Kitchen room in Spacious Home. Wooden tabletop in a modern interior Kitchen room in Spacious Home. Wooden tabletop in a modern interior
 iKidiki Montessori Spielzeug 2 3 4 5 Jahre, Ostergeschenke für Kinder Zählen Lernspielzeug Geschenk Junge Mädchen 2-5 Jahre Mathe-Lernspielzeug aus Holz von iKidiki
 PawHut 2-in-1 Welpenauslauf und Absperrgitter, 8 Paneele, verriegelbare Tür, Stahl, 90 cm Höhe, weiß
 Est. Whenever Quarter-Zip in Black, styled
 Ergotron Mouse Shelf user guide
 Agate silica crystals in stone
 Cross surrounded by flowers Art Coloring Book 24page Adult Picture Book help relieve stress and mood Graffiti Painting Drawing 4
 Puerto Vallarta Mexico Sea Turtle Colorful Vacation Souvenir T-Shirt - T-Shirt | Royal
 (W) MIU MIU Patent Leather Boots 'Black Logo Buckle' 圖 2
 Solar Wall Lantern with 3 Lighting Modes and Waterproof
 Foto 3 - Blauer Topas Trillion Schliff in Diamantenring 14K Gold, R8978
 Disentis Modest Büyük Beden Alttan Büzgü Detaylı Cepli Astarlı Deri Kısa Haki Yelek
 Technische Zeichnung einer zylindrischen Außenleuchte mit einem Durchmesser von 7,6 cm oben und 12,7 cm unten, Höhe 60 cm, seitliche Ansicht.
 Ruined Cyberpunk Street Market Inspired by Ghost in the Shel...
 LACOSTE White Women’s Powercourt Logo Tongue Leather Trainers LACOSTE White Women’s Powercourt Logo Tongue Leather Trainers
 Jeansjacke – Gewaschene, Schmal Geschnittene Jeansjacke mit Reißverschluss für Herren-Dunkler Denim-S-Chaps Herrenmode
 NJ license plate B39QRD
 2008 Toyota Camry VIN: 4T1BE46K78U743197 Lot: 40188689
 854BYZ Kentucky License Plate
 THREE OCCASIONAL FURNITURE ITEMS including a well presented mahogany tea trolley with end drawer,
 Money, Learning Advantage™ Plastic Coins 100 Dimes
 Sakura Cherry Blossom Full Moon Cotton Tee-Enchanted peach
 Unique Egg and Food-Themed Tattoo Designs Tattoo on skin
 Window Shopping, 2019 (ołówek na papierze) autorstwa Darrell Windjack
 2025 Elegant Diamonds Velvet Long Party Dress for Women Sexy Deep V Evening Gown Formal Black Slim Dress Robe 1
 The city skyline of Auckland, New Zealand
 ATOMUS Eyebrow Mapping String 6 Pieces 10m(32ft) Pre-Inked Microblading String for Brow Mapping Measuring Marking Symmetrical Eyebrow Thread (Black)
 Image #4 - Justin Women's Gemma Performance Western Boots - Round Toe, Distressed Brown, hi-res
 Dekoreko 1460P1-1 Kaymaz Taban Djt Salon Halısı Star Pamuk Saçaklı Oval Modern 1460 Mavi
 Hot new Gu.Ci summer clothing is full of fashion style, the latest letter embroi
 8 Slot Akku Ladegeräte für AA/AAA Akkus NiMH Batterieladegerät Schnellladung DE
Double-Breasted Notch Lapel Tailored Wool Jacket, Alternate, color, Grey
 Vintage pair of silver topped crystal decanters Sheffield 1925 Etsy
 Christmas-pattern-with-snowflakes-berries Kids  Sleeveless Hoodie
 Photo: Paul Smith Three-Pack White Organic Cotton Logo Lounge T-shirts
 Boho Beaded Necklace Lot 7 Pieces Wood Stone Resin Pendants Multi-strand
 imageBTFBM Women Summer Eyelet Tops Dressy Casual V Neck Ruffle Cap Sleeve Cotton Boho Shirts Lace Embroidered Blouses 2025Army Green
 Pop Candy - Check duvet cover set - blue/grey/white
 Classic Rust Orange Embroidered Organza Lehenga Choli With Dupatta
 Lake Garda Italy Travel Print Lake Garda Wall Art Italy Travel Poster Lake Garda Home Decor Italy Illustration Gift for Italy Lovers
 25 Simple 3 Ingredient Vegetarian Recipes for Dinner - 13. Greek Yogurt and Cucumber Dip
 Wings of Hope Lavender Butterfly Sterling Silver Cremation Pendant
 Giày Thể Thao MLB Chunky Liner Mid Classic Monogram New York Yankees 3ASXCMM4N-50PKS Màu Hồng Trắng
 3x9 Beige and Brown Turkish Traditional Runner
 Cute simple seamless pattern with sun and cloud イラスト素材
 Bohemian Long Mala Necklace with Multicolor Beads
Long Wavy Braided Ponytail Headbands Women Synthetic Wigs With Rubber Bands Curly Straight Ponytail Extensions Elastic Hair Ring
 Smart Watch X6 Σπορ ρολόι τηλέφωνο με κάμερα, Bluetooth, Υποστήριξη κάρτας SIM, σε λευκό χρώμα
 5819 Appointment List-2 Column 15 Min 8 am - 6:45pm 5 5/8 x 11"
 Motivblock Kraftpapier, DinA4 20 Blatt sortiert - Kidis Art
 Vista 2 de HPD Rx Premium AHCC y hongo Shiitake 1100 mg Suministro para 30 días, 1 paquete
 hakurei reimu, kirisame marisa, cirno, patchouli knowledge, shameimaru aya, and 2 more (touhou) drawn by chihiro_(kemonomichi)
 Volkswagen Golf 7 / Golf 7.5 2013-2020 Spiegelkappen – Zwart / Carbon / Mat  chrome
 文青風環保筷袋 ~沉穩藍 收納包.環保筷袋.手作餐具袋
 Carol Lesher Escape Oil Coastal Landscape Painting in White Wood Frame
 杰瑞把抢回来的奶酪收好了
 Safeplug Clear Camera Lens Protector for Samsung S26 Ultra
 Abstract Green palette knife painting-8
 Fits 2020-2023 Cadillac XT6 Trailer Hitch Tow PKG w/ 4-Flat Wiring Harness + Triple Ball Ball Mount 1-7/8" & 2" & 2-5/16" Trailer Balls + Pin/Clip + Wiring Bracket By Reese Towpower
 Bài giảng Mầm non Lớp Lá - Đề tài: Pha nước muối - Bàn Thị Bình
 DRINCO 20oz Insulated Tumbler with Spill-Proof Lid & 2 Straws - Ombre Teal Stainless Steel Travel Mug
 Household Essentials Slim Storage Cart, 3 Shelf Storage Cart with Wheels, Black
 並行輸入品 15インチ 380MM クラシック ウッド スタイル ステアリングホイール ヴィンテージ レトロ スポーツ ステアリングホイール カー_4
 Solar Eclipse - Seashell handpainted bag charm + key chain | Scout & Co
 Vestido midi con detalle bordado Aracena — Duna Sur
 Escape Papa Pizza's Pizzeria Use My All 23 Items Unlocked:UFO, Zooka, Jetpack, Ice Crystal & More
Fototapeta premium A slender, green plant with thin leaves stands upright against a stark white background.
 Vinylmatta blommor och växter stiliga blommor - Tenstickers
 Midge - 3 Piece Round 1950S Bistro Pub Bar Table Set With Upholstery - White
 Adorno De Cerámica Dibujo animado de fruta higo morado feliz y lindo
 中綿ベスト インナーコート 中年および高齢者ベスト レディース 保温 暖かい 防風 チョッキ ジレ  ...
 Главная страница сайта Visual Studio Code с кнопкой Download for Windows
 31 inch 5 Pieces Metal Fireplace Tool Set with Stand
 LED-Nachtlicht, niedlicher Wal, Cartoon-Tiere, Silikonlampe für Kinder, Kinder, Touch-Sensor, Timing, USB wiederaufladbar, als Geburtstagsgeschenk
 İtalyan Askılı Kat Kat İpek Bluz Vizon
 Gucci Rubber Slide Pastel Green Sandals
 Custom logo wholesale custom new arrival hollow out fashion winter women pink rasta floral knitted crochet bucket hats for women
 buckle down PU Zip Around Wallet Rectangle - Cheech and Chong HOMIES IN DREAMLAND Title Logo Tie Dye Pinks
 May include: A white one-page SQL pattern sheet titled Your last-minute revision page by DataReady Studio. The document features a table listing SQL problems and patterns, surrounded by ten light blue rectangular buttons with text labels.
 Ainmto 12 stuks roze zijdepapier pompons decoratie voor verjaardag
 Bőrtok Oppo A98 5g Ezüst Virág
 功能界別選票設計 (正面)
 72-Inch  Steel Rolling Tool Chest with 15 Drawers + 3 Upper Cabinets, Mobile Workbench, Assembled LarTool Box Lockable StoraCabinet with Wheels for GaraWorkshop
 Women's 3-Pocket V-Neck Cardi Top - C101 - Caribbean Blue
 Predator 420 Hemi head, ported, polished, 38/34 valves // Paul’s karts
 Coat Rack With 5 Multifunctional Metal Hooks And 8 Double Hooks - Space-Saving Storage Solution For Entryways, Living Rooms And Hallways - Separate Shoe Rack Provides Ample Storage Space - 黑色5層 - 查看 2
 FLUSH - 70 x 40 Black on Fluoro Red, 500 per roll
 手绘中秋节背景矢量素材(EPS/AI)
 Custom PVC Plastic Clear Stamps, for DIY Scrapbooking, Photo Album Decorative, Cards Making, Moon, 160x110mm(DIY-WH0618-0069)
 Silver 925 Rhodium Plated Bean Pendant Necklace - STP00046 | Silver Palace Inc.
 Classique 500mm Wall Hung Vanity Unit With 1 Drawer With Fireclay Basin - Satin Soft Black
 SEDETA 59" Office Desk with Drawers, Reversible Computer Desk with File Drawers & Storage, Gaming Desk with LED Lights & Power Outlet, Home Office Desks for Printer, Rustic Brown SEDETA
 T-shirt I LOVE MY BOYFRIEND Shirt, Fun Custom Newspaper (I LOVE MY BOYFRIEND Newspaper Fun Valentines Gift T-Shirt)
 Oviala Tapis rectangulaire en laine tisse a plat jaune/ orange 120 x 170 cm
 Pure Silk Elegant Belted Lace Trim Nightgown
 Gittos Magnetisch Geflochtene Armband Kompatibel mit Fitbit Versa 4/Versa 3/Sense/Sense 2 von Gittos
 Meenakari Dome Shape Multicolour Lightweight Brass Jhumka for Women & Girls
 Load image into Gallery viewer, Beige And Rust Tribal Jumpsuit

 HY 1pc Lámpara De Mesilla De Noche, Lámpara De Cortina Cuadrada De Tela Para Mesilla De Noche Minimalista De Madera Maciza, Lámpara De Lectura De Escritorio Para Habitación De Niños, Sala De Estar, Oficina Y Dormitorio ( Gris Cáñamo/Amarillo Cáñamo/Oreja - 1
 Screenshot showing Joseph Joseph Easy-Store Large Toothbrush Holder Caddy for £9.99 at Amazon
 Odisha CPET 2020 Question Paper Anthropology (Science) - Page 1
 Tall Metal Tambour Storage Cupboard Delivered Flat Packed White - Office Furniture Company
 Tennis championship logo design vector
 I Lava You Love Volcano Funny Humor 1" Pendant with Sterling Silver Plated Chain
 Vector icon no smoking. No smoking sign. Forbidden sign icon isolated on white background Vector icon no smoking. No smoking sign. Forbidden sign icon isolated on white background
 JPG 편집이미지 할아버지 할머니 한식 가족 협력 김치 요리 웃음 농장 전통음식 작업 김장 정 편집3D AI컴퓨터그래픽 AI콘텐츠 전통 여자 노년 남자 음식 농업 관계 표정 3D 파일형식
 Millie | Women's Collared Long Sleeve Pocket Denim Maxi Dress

> _What to produce_: Please print exactly what appears from the first line of the data through the line with "Cross surrounded by", including both of those lines and nothing past them.

> _Response below_:
Kitchen room in Spacious Home. Wooden tabletop in a modern interior Kitchen room in Spacious Home. Wooden tabletop in a modern interior
 iKidiki Montessori Spielzeug 2 3 4 5 Jahre, Ostergeschenke für Kinder Zählen Lernspielzeug Geschenk Junge Mädchen 2-5 Jahre Mathe-Lernspielzeug aus Holz von iKidiki
 PawHut 2-in-1 Welpenauslauf und Absperrgitter, 8 Paneele, verriegelbare Tür, Stahl, 90 cm Höhe, weiß
 Est. Whenever Quarter-Zip in Black, styled
 Ergotron Mouse Shelf user guide
 Agate silica crystals in stone
 Cross surrounded by flowers Art Coloring Book 24page Adult Picture Book help relieve stress and mood Graffiti Painting Drawing 4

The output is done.